Activity
When you reach the line with "Maloja BERNINAM. Damen Freeskihose" in the data below, begin printing lines exactly, and stop once the line with "1C4PJLDS9FW732397: 44331812" has been printed.

Start of Entries provided

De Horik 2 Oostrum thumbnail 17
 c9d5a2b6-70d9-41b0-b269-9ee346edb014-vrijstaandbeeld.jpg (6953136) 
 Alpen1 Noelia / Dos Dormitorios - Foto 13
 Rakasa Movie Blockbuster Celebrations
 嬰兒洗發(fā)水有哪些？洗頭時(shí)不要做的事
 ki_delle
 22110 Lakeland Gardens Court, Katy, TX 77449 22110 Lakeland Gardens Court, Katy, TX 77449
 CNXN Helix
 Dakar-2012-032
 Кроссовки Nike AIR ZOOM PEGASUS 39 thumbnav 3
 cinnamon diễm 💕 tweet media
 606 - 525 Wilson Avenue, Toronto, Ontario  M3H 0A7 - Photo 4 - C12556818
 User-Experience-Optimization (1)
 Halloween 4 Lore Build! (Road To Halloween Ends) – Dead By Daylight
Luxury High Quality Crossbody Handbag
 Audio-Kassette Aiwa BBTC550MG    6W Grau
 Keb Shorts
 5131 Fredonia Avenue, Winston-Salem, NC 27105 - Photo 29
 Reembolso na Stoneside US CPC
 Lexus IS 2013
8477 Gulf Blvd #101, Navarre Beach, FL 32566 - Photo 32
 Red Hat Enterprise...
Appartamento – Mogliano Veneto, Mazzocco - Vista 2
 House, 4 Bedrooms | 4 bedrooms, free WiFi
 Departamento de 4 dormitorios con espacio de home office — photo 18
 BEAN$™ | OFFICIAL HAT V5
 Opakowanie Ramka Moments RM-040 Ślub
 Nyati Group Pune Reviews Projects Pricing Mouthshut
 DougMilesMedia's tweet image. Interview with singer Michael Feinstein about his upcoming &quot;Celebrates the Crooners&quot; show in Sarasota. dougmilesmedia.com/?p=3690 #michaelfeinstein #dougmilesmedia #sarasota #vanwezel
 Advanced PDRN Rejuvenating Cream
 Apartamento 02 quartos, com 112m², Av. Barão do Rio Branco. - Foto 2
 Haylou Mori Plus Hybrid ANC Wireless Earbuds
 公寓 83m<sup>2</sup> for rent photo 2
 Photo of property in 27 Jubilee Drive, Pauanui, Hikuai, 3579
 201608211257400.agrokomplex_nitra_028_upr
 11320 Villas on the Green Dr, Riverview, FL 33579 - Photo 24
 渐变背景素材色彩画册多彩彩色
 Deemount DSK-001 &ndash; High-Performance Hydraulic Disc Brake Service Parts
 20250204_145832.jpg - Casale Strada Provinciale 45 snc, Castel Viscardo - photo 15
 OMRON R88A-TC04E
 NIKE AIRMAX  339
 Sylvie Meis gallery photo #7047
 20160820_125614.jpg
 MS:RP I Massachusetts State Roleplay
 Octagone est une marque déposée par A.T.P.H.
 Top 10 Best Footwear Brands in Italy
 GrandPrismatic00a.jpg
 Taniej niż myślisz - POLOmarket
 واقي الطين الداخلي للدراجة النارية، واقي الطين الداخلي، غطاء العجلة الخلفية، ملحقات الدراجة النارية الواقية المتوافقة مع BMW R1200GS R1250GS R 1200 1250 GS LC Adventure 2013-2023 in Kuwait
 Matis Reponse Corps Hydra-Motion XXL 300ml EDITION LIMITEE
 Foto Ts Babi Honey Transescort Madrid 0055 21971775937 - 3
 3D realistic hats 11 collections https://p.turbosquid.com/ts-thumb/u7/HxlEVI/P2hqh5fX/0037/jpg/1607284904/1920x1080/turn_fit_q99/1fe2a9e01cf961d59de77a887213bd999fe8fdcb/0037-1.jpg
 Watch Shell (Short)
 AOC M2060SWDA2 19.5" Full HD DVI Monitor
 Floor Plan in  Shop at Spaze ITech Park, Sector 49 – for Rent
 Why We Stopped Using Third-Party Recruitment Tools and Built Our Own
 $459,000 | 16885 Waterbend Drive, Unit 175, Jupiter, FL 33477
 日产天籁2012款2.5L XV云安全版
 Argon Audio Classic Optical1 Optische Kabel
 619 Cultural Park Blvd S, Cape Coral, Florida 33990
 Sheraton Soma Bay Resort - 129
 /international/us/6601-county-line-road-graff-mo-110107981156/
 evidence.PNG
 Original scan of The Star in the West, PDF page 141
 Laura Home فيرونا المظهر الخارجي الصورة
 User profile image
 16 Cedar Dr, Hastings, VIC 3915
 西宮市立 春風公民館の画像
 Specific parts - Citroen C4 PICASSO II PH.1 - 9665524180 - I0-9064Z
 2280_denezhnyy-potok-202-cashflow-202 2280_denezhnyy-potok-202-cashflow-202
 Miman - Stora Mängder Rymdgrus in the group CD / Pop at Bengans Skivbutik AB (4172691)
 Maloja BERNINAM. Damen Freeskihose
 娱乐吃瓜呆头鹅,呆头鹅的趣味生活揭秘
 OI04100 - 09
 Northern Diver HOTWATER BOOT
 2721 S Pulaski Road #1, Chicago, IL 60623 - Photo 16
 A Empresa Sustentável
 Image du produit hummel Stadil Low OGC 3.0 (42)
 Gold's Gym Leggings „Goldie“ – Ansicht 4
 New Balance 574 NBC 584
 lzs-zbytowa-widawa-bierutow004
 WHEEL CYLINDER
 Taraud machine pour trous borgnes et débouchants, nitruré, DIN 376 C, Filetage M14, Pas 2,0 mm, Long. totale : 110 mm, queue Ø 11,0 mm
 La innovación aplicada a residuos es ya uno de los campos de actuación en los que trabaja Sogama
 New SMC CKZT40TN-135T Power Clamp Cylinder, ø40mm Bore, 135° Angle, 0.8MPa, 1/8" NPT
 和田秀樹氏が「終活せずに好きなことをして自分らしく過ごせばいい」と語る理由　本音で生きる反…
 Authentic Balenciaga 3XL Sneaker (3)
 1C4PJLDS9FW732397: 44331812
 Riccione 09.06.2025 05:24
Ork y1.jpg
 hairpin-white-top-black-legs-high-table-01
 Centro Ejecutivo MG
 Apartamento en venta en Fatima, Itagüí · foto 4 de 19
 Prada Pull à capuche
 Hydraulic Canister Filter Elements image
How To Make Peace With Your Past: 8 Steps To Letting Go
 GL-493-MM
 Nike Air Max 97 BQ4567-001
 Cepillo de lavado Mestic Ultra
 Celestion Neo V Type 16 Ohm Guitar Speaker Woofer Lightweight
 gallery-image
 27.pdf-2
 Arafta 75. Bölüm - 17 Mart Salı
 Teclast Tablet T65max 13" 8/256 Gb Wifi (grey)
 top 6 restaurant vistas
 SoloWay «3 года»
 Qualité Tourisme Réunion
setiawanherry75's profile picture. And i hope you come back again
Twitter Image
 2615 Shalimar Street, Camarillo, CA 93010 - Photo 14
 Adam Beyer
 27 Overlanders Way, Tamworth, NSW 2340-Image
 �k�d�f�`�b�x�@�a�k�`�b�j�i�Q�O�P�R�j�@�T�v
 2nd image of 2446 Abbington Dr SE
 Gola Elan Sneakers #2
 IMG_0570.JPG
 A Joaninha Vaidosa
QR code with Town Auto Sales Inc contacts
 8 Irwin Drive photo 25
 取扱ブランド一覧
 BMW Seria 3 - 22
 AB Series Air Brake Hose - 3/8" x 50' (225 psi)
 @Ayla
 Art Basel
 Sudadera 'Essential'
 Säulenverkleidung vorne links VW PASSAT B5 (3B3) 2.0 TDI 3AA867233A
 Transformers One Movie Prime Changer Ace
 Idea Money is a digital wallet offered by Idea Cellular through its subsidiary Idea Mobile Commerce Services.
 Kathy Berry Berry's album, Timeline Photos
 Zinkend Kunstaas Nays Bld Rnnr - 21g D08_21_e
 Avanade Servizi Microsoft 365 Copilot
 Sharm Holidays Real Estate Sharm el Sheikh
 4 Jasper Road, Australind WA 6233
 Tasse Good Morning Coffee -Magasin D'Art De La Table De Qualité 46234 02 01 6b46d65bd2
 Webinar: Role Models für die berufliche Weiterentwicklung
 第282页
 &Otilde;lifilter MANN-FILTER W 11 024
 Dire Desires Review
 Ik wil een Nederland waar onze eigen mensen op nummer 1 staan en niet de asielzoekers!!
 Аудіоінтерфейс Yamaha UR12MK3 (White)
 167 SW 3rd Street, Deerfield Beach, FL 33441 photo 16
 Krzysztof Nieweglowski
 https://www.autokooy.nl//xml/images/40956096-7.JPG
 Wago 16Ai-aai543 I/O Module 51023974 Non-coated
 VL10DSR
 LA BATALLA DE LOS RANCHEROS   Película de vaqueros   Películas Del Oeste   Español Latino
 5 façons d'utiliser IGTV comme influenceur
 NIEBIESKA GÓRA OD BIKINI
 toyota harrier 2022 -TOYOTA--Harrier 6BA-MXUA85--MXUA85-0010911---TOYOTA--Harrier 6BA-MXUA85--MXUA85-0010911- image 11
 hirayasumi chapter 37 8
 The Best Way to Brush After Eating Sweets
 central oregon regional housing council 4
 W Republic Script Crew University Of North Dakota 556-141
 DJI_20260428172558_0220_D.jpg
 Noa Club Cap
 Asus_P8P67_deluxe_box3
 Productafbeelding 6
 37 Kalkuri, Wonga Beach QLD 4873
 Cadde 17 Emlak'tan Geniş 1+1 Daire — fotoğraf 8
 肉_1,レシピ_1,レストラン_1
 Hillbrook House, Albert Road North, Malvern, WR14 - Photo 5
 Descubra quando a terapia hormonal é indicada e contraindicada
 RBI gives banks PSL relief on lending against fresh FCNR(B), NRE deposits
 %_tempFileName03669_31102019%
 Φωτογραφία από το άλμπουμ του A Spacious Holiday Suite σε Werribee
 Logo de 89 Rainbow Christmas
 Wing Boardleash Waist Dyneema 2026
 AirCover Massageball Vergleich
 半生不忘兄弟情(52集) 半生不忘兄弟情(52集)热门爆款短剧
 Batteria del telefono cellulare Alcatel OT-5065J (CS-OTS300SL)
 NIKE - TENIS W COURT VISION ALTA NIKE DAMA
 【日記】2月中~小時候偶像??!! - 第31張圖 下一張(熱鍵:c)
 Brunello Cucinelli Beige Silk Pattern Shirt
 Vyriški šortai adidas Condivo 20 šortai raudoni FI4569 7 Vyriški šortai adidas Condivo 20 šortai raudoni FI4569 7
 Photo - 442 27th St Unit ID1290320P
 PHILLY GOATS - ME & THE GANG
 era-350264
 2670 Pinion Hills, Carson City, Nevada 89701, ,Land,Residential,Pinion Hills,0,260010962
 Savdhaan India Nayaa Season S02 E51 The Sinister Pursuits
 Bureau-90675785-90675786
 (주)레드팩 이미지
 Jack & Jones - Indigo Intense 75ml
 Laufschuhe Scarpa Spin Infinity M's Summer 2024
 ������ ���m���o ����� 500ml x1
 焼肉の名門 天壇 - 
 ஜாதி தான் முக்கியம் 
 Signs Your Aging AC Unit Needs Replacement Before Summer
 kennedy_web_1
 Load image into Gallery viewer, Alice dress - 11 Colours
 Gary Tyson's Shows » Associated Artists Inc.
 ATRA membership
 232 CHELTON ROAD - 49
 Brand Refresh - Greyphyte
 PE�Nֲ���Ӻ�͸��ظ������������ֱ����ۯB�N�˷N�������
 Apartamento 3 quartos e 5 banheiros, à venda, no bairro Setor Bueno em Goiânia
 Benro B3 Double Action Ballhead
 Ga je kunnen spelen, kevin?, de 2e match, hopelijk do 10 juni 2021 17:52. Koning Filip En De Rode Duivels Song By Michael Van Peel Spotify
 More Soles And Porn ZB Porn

End of Entries provided

Answer area
 Maloja BERNINAM. Damen Freeskihose
 娱乐吃瓜呆头鹅,呆头鹅的趣味生活揭秘
 OI04100 - 09
 Northern Diver HOTWATER BOOT
 2721 S Pulaski Road #1, Chicago, IL 60623 - Photo 16
 A Empresa Sustentável
 Image du produit hummel Stadil Low OGC 3.0 (42)
 Gold's Gym Leggings „Goldie“ – Ansicht 4
 New Balance 574 NBC 584
 lzs-zbytowa-widawa-bierutow004
 WHEEL CYLINDER
 Taraud machine pour trous borgnes et débouchants, nitruré, DIN 376 C, Filetage M14, Pas 2,0 mm, Long. totale : 110 mm, queue Ø 11,0 mm
 La innovación aplicada a residuos es ya uno de los campos de actuación en los que trabaja Sogama
 New SMC CKZT40TN-135T Power Clamp Cylinder, ø40mm Bore, 135° Angle, 0.8MPa, 1/8" NPT
 和田秀樹氏が「終活せずに好きなことをして自分らしく過ごせばいい」と語る理由　本音で生きる反…
 Authentic Balenciaga 3XL Sneaker (3)
 1C4PJLDS9FW732397: 44331812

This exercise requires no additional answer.